The energy of this system draws on an array of practices each bringing to the existing system energy in the shape of values, practices and principles. The humanism that drove education for hundreds of years has been soaked up by the practical wishes of a rapidly globalizing society. The pragmatic concerns of utilitarianism are at least in part off set by an opening up of democratic processes and a greening of the high school. Additionally , we also have the romantic convention putting the kid at the center of the learning equation. So we find humanist, practical, democratic, environmental and romantic strands at work ; all provide energy and work to maintain the coherence of the system.

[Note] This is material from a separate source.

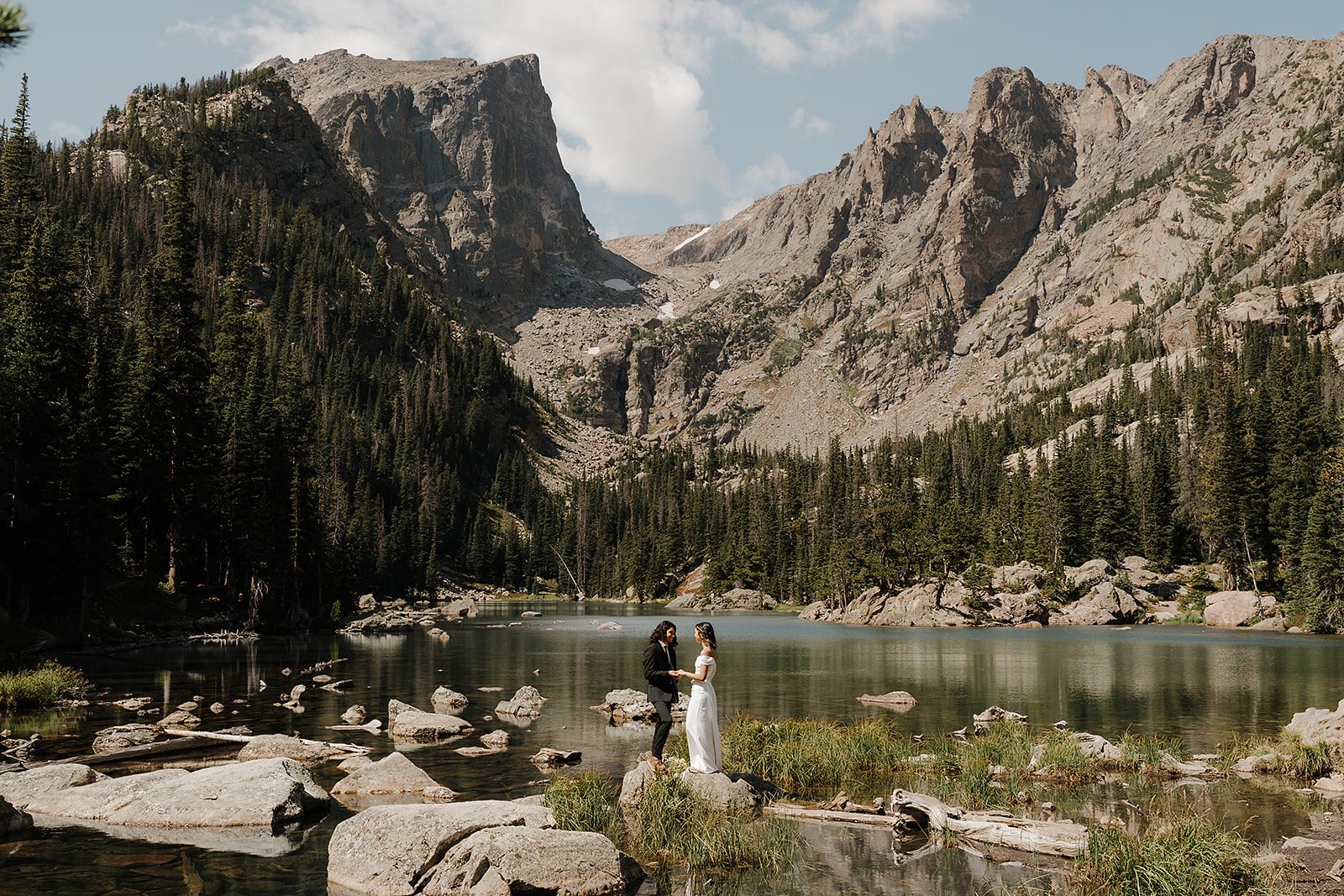 Rocky Mountain National Park elopement couple reading vows at Dream Lake with turquoise water and dramatic peaks behind them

And the cost? The humanist convention privileged the old elites, where culture and cash and power coalesced, the poor payed ; the practical, as power shifted from the old elites to the new, a new kind of education appeared and the user pays, eventually the poor are excluded and as cash flows upwards, they pay again.
The democratic offers a way out, as does the environmental : both come from traditions that challenge hierarchies, yet both are too fragmented to test the dominance of the practical, their effect is ameliorative but they contain the potential energy to challenge this dominance should a movement in the world-system set off a power failure – such a shift may be either social or environmental. And the romantic? Child centredness is powerful, as it’s the root of both soft and hard individualism, but it is too simply coopted by the dominant cultural elites, especially those looking for a cultural off-set for the vacuum made by the loss of humanism to utilitarianism.